By Paul Ingvaldsen / Staff Writer
Sitting on a stool before a bass drum, music major Nathaniel Reed, 25, said, “All of my family are musicians. My mother directed me to start playing the clarinet when I was 7. I was pretty young and I didn’t know anything about music, so I played the instrument for a year and learned how to read music.
“The next year, I made the jump over to a brass instrument and played trumpet. After playing for a few years my mother informed me that I was going to have to have braces,” Reed said Monday, March 24. “I knew braces were going to make playing difficult, if not painful, so I actually began playing percussion instruments, drums.”
Reed said, “At that time I was still at Mokler Elementary, a K- 8 school that didn’t have a music program, so my mom enrolled me at Alondra Middle School in a special Summer school music program used to prep older middle school students for high school.”
“I played percussion for the first two weeks before I got braces, then the teacher, who knew I had some brass instrument experience, asked me to play the trombone just for one day.

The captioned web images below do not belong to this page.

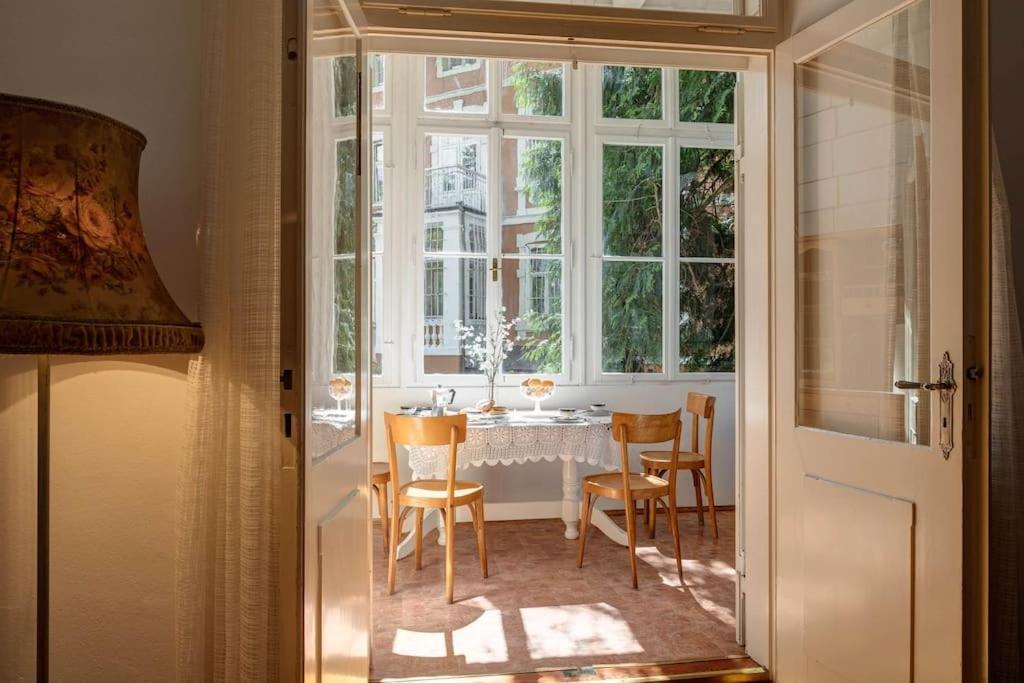 Apartment Anna Meran Zewnętrze zdjęcie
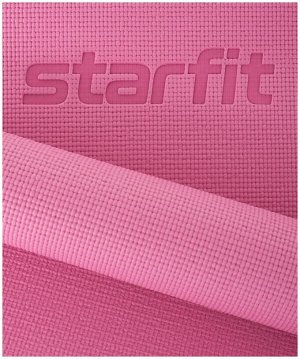 Коврик для йоги Starfit 0,8 см 173*61см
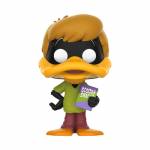Cartoon - Funko Pop Warner 100th Duffy Duck As Shaggy Rogers 1240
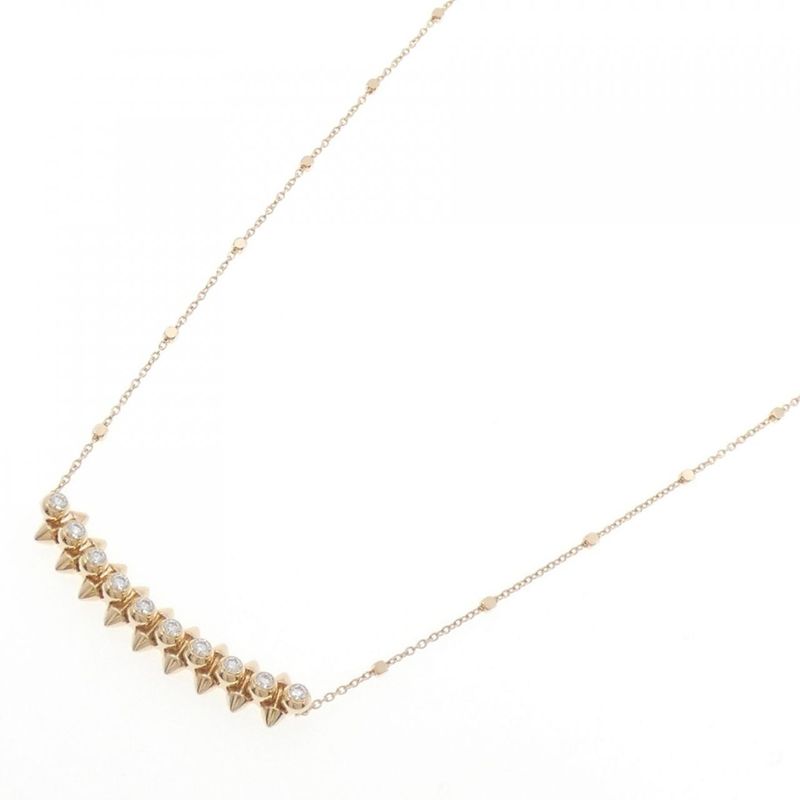 Cartier Crush Necklace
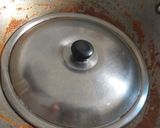 काठियावाड़ी लहसुनिया आलू (kathiyawadi lehsunia aloo recipe in Hindi) रेसिपी चरण 4 फोटो
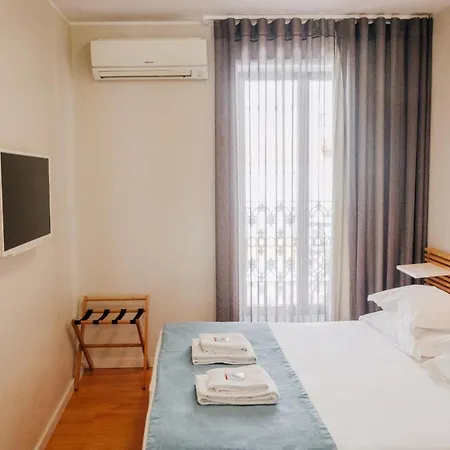 Boavista Pensjonat 4*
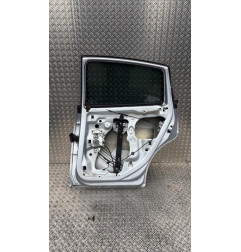 Porte arriere droit SEAT LEON 2 Photo n°5
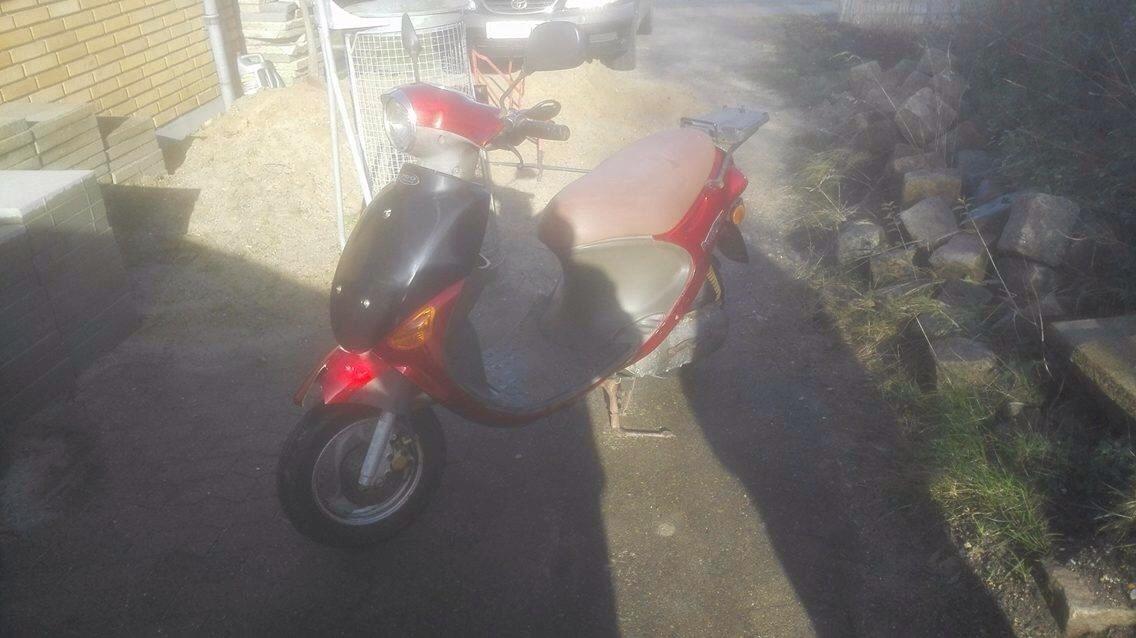 PGO Rodoshow billede 2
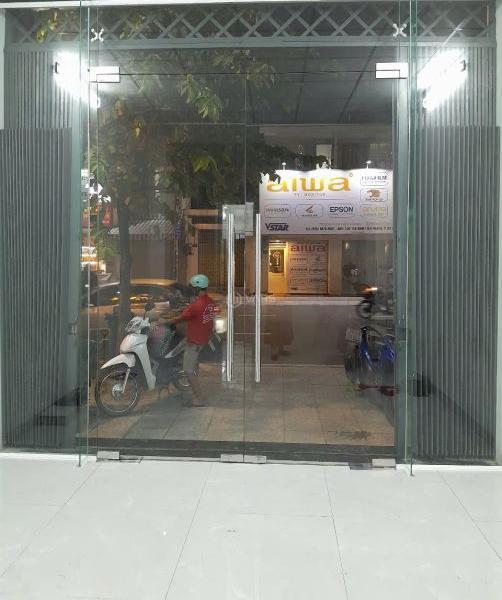 🔹 4x20M – MẶT BẰNG TRỆT MT ĐINH TIÊN HOÀNG, Q1 🏣 – NHÀ MỚI – 30TR Đường Đinh Tiên Hoàng, Phường Đa Kao, Quận 1, Hồ Chí Minh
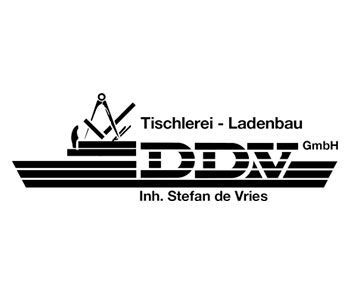 Dieter u. Stefan de Vries - Tischlerei und Ladenbau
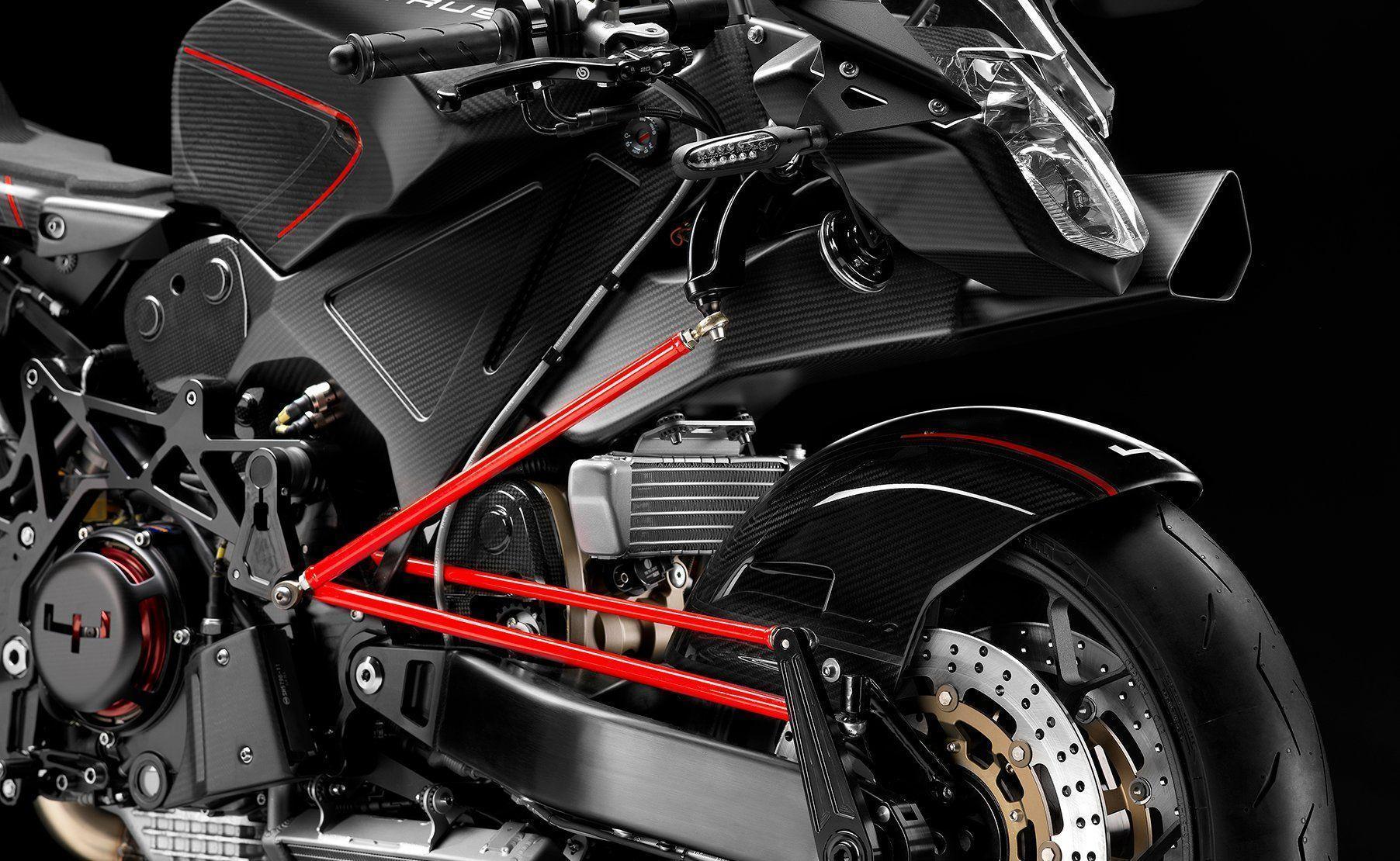 Vyrus 987 C3 4V Gallery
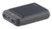 Batterie d'appoint compacte double USB 10 000 mAh Revolt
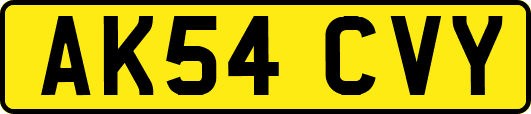 AK54CVY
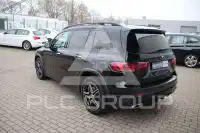 2021 Mercedes Benz GLB 220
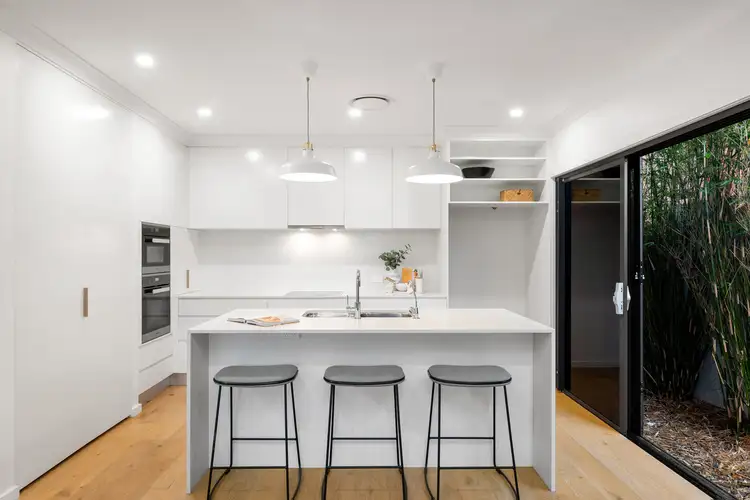 Fourth view of Homely townhouse listing, 9/80 Kirkland Avenue, Coorparoo QLD 4151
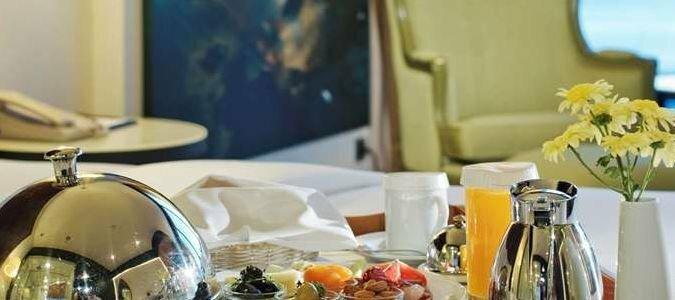 DoubleTree By Hilton Istanbul - Moda - 77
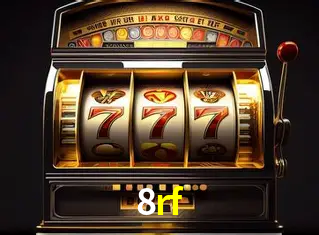 Desvendando o Mundo dos Jogos Virtuais na 8rf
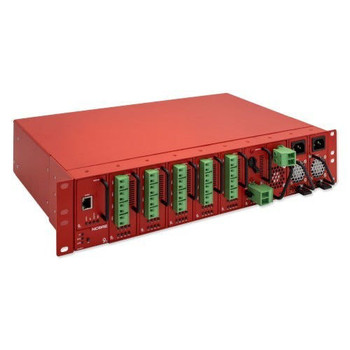 9dot NCore Base Unit - Modular Energy Station for Power Management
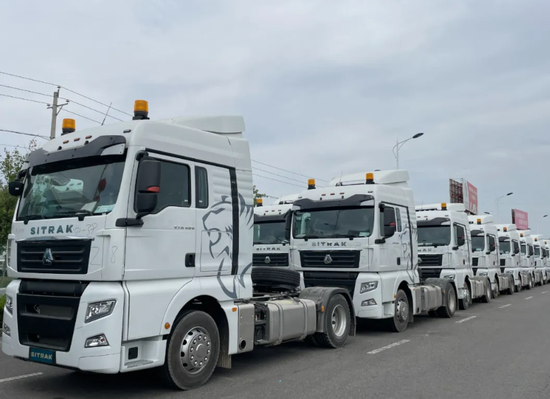 新疆经济社会发展情况宣介会在开罗举办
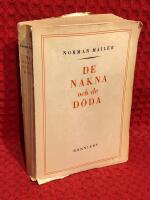De nakna och de d&ouml;da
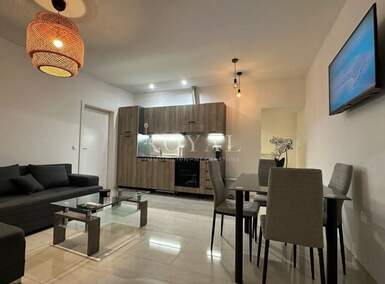 Trosoban stan, Opatija, Opatija - Centar, najam, 900 €, 56 m2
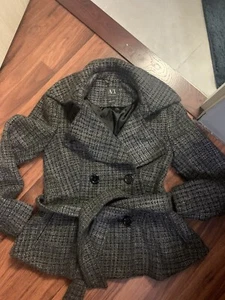 Giacca di scambio armani donna Small 4-6 - Foto 1 di 4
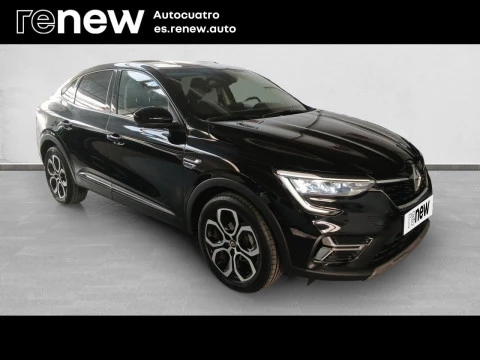 Renault Arkana   1.3 TCe Zen EDC 103kW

There were no trombone players, so I said ‘Yes.’”
“I fell in love in just one day and I have been playing ever since. That was 12 or 13 years ago and I just want to play the trombone.” Reed said.
Music major Francis Camarrillo, 21, said, “He’s a passionate player,” describing Reed as a performer.
Reed continued, “I still have another year or so to go, but I’d like to transfer to USC. Unfortunately, the way it works, it will probably come down to finances, rather than expertise.”
Giving advice to other music majors, Reed said, “Music majors have to spend as much time on homework as pre-med majors. Only in the last year have I really made progress. Phil Keen, a low brass instrument teacher hired by the college as an applied private instructor, has made all the difference. He’s been a great help.”